That's actually a very good point for the types of riding I will be doing. The Giant Defy 2.5 I am looking at weighs in at around 9.4 kgs fully loaded whereas the Trek Madone that my mate rides weighs around 7.7 kg - a difference of less than 2kg.

In my mind that is so insignificant a difference that it just doesn't justify my spending another £700 - £900 on a carbon bike at this stage. The major weight difference on our respective bikes will be my weight (I'm quite a big bloke!) vs his weight (he's a spindly bugger).

I just don't think that's enough of a gain to justify it to myself. The Giant alu bike is spec'd out with Tiagra, not great but functional enough, and I can stick on a Fizik saddle and carbon seatpost with the cash I would save I reckon.

I think I'm getting there......

Paul


----------



## Wigsie (4 Jun 2009)

Bigtwin said:


> Carbon fork, stays/back triangle and seat post will get you most if not all of the way there for £1k less.
> 
> I'm no pedal God, just 1/2 decent club cyclist and triathlete but tried a few bikes and decided that the above did enough and left £££ for quality components and wheels which you really notice every ride.
> 
> ...



Big Twin talks sense (when I have my sensible hat on), I would love full carbon, but I think alot of that is just because it is carbon not because it will make a significant difference to my cycling performance.



Paulq said:


> That's actually a very good point for the types of riding I will be doing.

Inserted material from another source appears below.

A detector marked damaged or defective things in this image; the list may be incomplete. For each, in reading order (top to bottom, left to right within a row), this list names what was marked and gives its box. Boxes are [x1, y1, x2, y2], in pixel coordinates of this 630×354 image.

The Giant Defy 2.5 I am looking at weighs in at around 9.4 kgs fully loaded whereas the Trek Madone that my mate rides weighs around 7.7 kg - a difference of less than 2kg.
> 
> In my mind that is so insignificant a difference that it just doesn't justify my spending another £700 - £900 on a carbon bike at this stage. The major weight difference on our respective bikes will be my weight (*I'm quite a big bloke!*) vs his weight (he's a spindly bugger).
> l



This is another point to consider, many returning cyclists (myself included) have more than an ounce of tub around their waist and losing some or all of that will make more of a difference to the way many of us ride than between a carbon/alu mix and full carbon bike.


----------



## wyno70 (4 Jun 2009)

You need to get which one you WANT. If you don't you'll still want it!!!!!

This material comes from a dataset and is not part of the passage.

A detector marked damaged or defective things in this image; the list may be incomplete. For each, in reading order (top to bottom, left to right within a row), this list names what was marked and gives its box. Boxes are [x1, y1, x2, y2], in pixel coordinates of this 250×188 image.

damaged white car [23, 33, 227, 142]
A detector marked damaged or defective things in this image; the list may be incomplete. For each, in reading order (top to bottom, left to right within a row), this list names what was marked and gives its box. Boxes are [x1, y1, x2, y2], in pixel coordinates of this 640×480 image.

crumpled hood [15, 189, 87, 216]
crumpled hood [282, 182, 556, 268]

Need doesn't really come into it.


----------



## Paulq (4 Jun 2009)

wyno70 said:


> You need to get which one you WANT. If you don't you'll still want it!!!!!
> 
> Need doesn't really come into it.



Mate I REALLY REALLY want the Giant carbon but having to pay an additional 900 pounds to experience a minimal difference in ride is not something I can get my head around. Aesthetically there's no contest but I'd look a muppet at the back of the bunch on a posh bike. At least my 'inferior' bike gives me an excuse.



Cheers

Paul


----------



## the_oaf (4 Jun 2009)

I'm in the same situation as you Paul - well sort of. I don't _need_ the Spesh Tarmac but I sure as hell want it. My Allez is fine, I really like it and it goes well on club rides. Inevitably, the bike is much better than me. But...like the others have said, I think you should always get the best you can afford.

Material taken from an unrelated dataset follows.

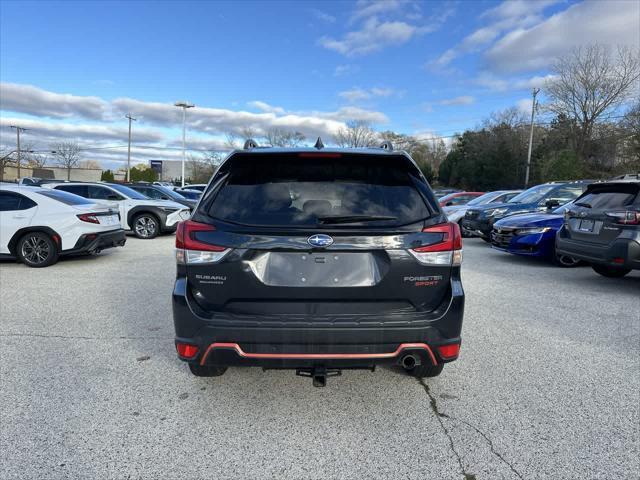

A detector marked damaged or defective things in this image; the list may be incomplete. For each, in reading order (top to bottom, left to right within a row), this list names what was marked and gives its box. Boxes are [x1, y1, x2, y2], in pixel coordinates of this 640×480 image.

parking lot crack [416, 378, 524, 480]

You'll never be climbing a tough hill thinking, 'I wish I'd bought the alu'.


----------



## Chrisz (4 Jun 2009)

ilovebikes said:


> this coming from a self confessed carbon addict


----------



## Paulq (4 Jun 2009)

the_oaf said:


> I'm in the same situation as you Paul - well sort of. I don't _need_ the Spesh Tarmac but I sure as hell want it. My Allez is fine, I really like it and it goes well on club rides. Inevitably, the bike is much better than me. But...like the others have said, I think you should always get the best you can afford.
> 
> You'll never be climbing a tough hill thinking, 'I wish I'd bought the alu'.



I know what you mean. Tell you what, you buy the Tarmac and I'll buy the Giant TCR Advanced? . 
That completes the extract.